The leg gripper is a wide silicone microdot one, which holds them perfectly in place and again offers no tightness while being very secure. The red on black style is very understated and one I really like - but if you're into bright, garish Alé style gear then these might not be the shorts for you.


RedWhite say the Race chamois is 30% less dense and 16% thinner than their long distance-orientated chamois found in The Bib. They recommend soaking their bib shorts in cold water overnight before the first use, as the chamois has undergone heat moulding and may be a bit stiff. Soaking softens up the fabrics, though The Race bibs require "less seasoning" (their words, not mine!) so you could opt to skip this step and just try them on as is. I did the soaking thing, though in this not-so-dry summer it took a while for them to dry out - tumble-drying isn't recommended. In order to answer the chamois-comfort question I went out for a swift 90 minutes around my local Peak District hills earlier in the day before heading to Sheffield.

There was a definite softening of the pad once I'd soaked them, and once riding I could barely feel it, though it certainly did its job - I would happily have ridden further as the comfort was spot on. Compared to the aforementioned cheaper options this seems to be the main difference - I can feel a bulkiness in these cheaper shorts' pads (no sniggering at the back) whereas the RedWhite one seems supportive and comfortable while you barely notice it's there. I'd even be tempted to use the word "plush".
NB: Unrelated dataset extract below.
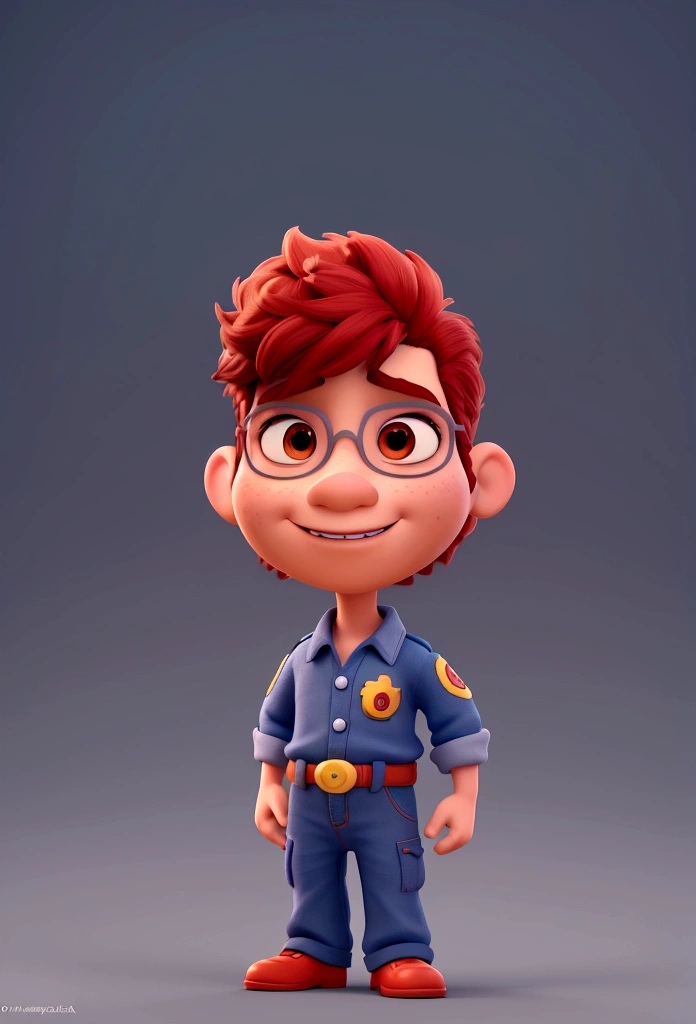 Cartoon character of a boy, 3 years dressed in fire department uniform, na cor vermelha, animation character, stylized character, animation style rendering, 3d stylized, Arnold Maya rendering, Stylized 3D rendering, toon render screenshot, 3d character, 3d character, Stylized 3D rendering, 3D character rendering, cartoon character, Personagem de close up, character posing, (Pixar-style) (master part:1.2) (bokeh) (best qualityer) (skin detailed) (detailed texture) (8K) (Argilla) (cinematic lighting) (sharp focus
RedWhite boast about how the pad disperses heat more effectively than The Race, though as it's July in the UK and barely above 15 degrees working up a sweat wasn't possible (and I've not tried the other ones anyway). In terms of overall fit on the ride, I went from gentle pootling to full-on efforts and the comfort level didn't drop from exceptional. The shorts stayed in place all the way, the silicone gripper really works nicely without irritation. I guess the best compliment is that you almost forget they're there, and I just got on with the business of riding. For a company that only does bibs, I'd say they've nailed it.

Another positive when compared to cheaper bibs was the shoulder straps, which are wide and, again, barely noticeable while doing their job. Cheaper bib tights - and even some premium offerings - often seem to have these straps being either too tight, too narrow or too loose, whereas here they're an integral part of how the bibs fit so well.


RedWhite offer a crash replacement scheme, so if you tear yours in a crash they will attempt to help you out. They require pictures of the damage, not only to the shorts but also to you, which seems a bit odd, though it's a good idea and one I've not seen on clothing at this price.

I'm not sure I'd spend another £100 on a pair of the other ones specifically for longer rides, but these are already my go-to bibs, I liked them that much. If you choose to treat your backside to one or the other of RedWhite's offerings you will be pretty satisfied. Customer support seems a central part of the brand's premise, too: Yuva was great, and will be happy to answer any questions you have.


If you're in the UK then you can find RedWhite bibs at Always Riding. If you're elsewhere then head over to the RedWhite website - there's more tech info than you'll ever need about the chamois and lycra used, as well as a list of dealers.

As for the hill climb, well, I won some beer... Maybe the shorts helped?